Mares said she was shocked at his response.
"I was upset about it," she said. "I didn't like the feeling of him telling me what I can and can't do with my baby, especially in my own home because school is online right now."
On the same day, Mares said, the instructor announced during class that he received a "weird" email from a student who wanted to do some "inappropriate" things during class.
This made her even more upset because she said she felt "he publicly outed me in front of the class."
She reached out to the school's Title IX coordinator, Lorraine Smith, regarding the incident and a few days later, the instructor emailed Mares an apology.
"I am sorry for the inconvenience in regard to your intention of breastfeeding your baby. From now on, you have the right to breastfeed your baby at any given time during class, which includes doing group worksheet, listening to the lecture, and taking the quiz or exam. You may turn off your camera at any given time as needed," he said in an email to Mares on Sept. 26.
Mares eventually dropped the class for reasons unrelated to the incident, but said she expected the school to take further action regarding the incident.

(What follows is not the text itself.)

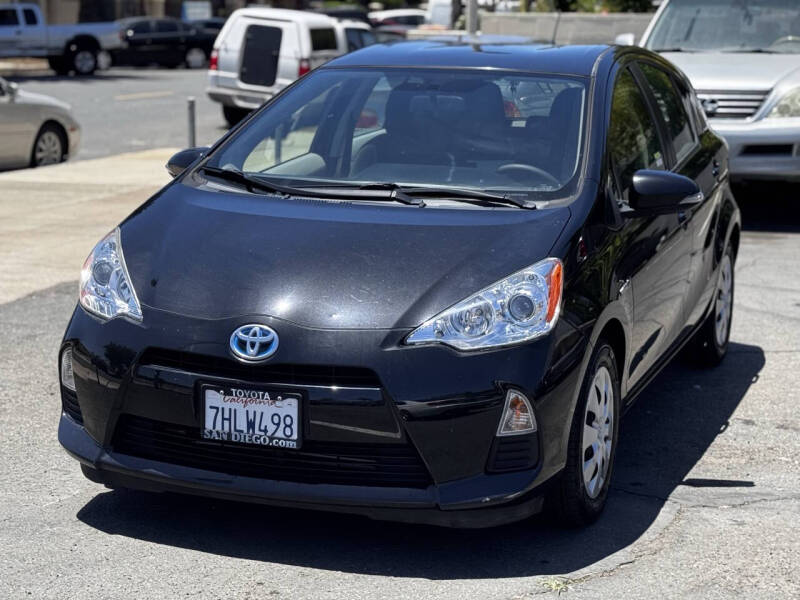 Used 2014 Toyota Prius c Two with VIN JTDKDTB33E1082569 for sale in San Diego, CA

Fresno City College Public Information Officer Kathy Bonilla confirmed to CNN that the school received a complaint from a student who was told not to breastfeed during her online class.
"Dean Lorraine Smith communicated with her, confirming her rights according to California law and we worked with the instructor to make sure that her rights weren't being violated," Bonilla said. "The instructor also reached out to her to correct his directive."
According to Bonilla, "the instructor was not aware of the law pertaining to breastfeeding and now understands that his directive was not correct."
CNN has reached out to the instructor for comment but has not yet heard back.
"California law requires that schools accommodate students for conditions related to pregnancy and childbirth including lactation," Bonilla explained. "The accommodation includes providing the time away from class to breastfeed without academic penalty."
Mares told CNN that she has not had any issues with breastfeeding in any of her other classes during her first semester as a mom. Other instructors have been supportive of her, she said.